I’m running telegraf on a raspberry pi to send metrics to an InfluxDb database. I’ve got it running as a service and it’s works fine, except after a reboot. The service is enabled in systemctl and it tries to start on boot up but fails every time. It starts up and works properly when I do it manually running “sudo systemctl start telegraf”
I’m guessing there is some obvious step I missed settings this up but I haven’t been able to figure out what it is.
pi@raspberrypi:~ $ systemctl status telegraf
● telegraf.service - The plugin-driven server agent for reporting metrics into InfluxDB
Loaded: loaded (/lib/systemd/system/telegraf.service; enabled; vendor preset: enabled)
Active: failed (Result: exit-code) since Sun 2022-04-24 16:52:30 EDT; 4h 16min ago
Docs: GitHub - influxdata/telegraf: The plugin-driven server agent for collecting & reporting metrics.
Process: 606 ExecStart=/usr/bin/telegraf -config http://**********:8086/api/v2/telegrafs/092490deb132a000 (code=exited, status=1/FAILURE)
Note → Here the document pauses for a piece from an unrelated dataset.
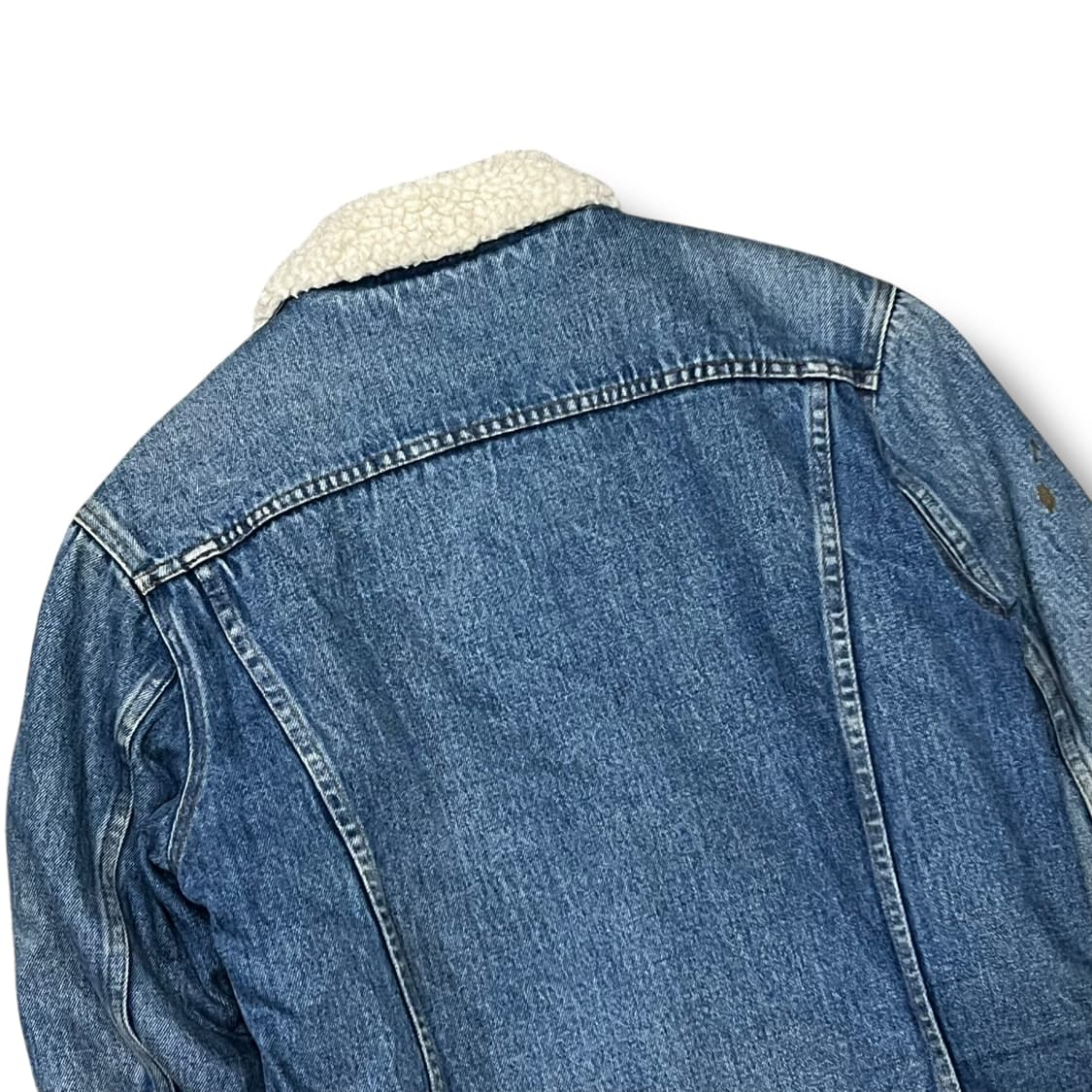 리바이스 오렌지탭 셰르파 데님자켓 s08415 상품이미지5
Main PID: 606 (code=exited, status=1/FAILURE)
CPU: 263ms
Apr 24 16:52:30 raspberrypi systemd[1]: telegraf.service: Scheduled restart job, restart counter is at 5.
Apr 24 16:52:30 raspberrypi systemd[1]: Stopped The plugin-driven server agent for reporting metrics into InfluxDB.
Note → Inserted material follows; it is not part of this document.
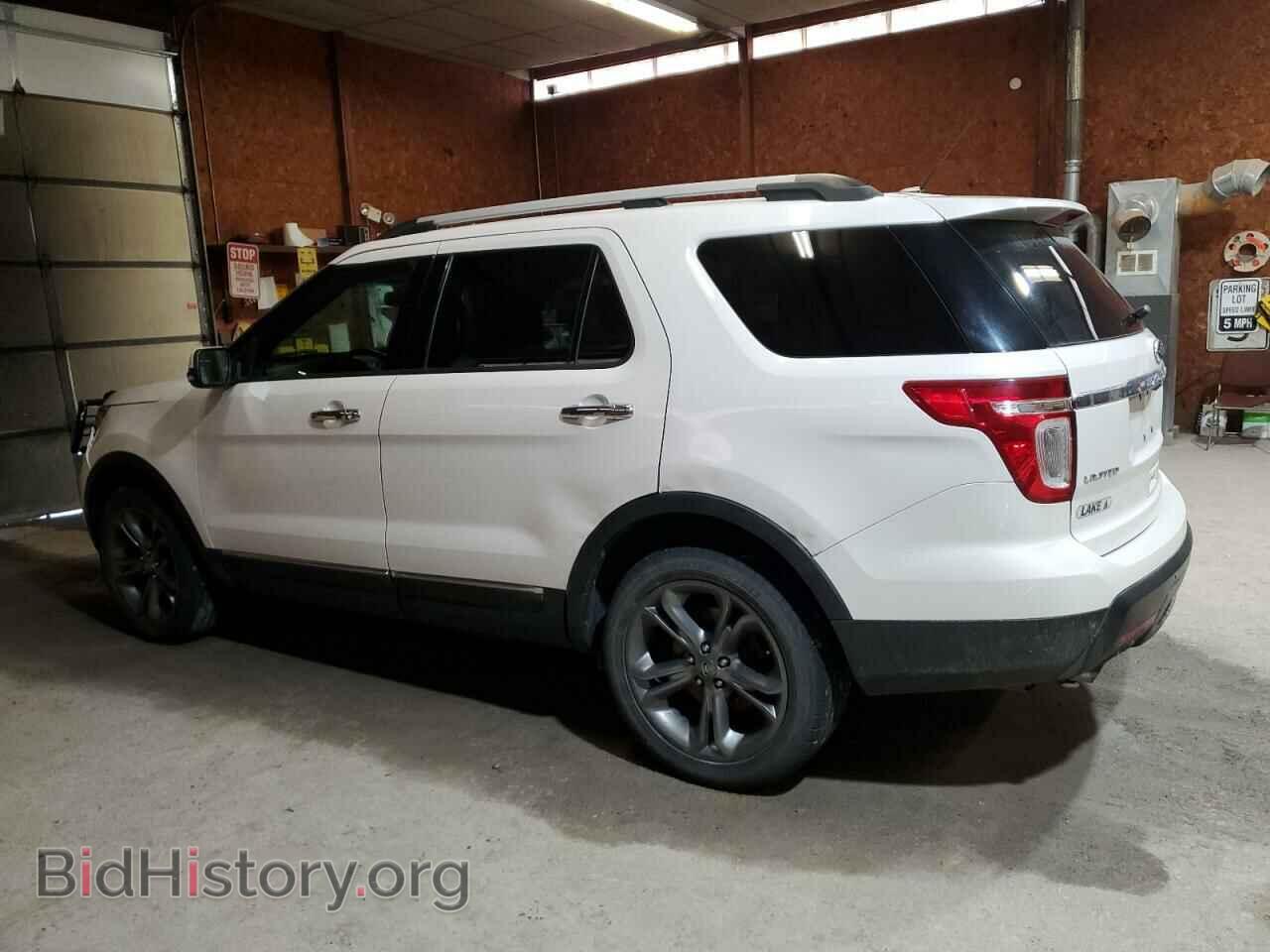 2013 FORD EXPLORER - VIN: 1FM5K8F80DGA91338 - Фото 2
Apr 24 16:52:30 raspberrypi systemd[1]: telegraf.service: Start request repeated too quickly.
Apr 24 16:52:30 raspberrypi systemd[1]: telegraf.service: Failed with result ‘exit-code’.
Apr 24 16:52:30 raspberrypi systemd[1]: Failed to start The plugin-driven server agent for reporting metrics into InfluxDB.
telegraf.service
[Unit]
Description=The plugin-driven server agent for reporting metrics into InfluxDB
Documentation=https://github.com/influxdata/telegraf
After=network.target
[Service]
Type=notify
EnvironmentFile=-/etc/default/telegraf
PassEnvironment=INFLUX_TOKEN
User=telegraf
ExecStart=/usr/bin/telegraf -config http://********:8086/api/v2/telegrafs/092490deb132a000
ExecReload=/bin/kill -HUP $MAINPID
Restart=on-failure
RestartForceExitStatus=SIGPIPE
KillMode=control-group
[Install]
WantedBy=multi-user.target
This means your network is not yet up. The systemd service retries a number of times and gives up. When you restart the service it is after the network is up and then things start to work.
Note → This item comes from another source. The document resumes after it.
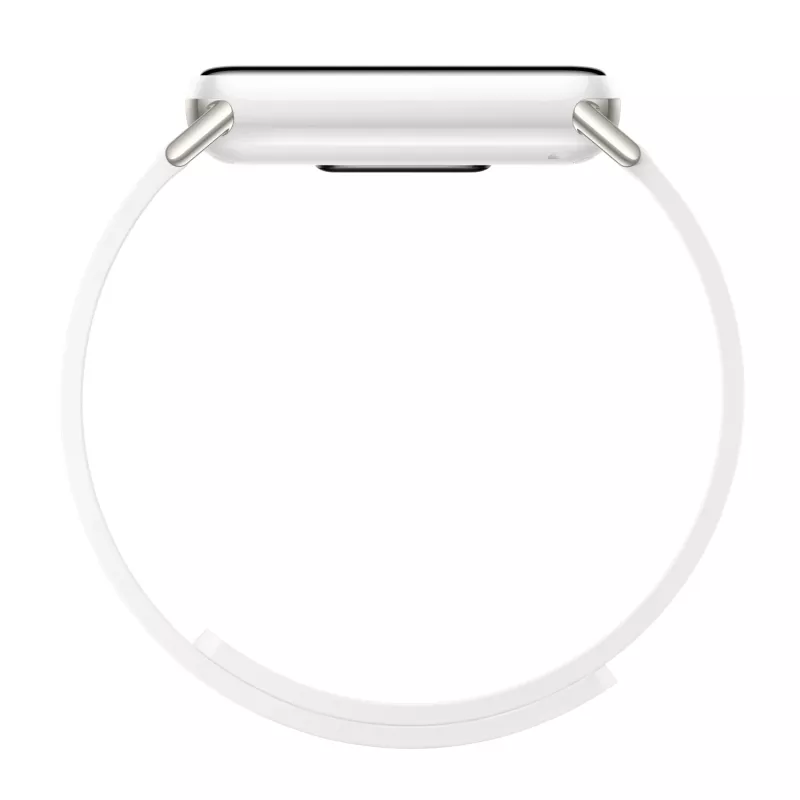 Xiaomi Smart Band 10 magnetinis Kona odos dirželis – ledynų baltumo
Does your network come up automatically? Does it take longer than normal? Based on the hostname, this is a raspberry pi, but I would still expect it to come up fairly quickly.
The network is certainly up when I start it manually since I’m doing it via ssh.
It is a raspberry pi. It’s using wifi with a weak signal, I’m assuming that is causing the delay?
Does the “After=network.target” in the service file not take care of that?
Is there a way to have systemd wait to start telegraf until the network is up or to have it just try more times?
I’m still very much a novice when it comes to linux.
Hmm I think we should be using network-online.target instead. network.target does not mean that IP level configuration has occurred, while network-online.target will. I think the NetworkTarget docs say something similar.
Can you file a bug on the Telegraf GitHub project?
I wonder if network-online.target is only needed if specifying a remote config. I’d image the network not being up yet is a bigger deal if telegraf needs the network to retrieve its config.
Thanks for giving it a shot and confirming the fix with the extra line!
I wonder if network-online.target is only needed if specifying a remote config. I’d image the network not being up yet is a bigger deal if telegraf needs the network to retrieve its config.
I was surprised we have not heard reports about this before. You are right that if you are not getting something from the network right when Telegraf starts the odds of hitting this are diminished. I do think the right thing would be to still change this setting for a better experience in the future.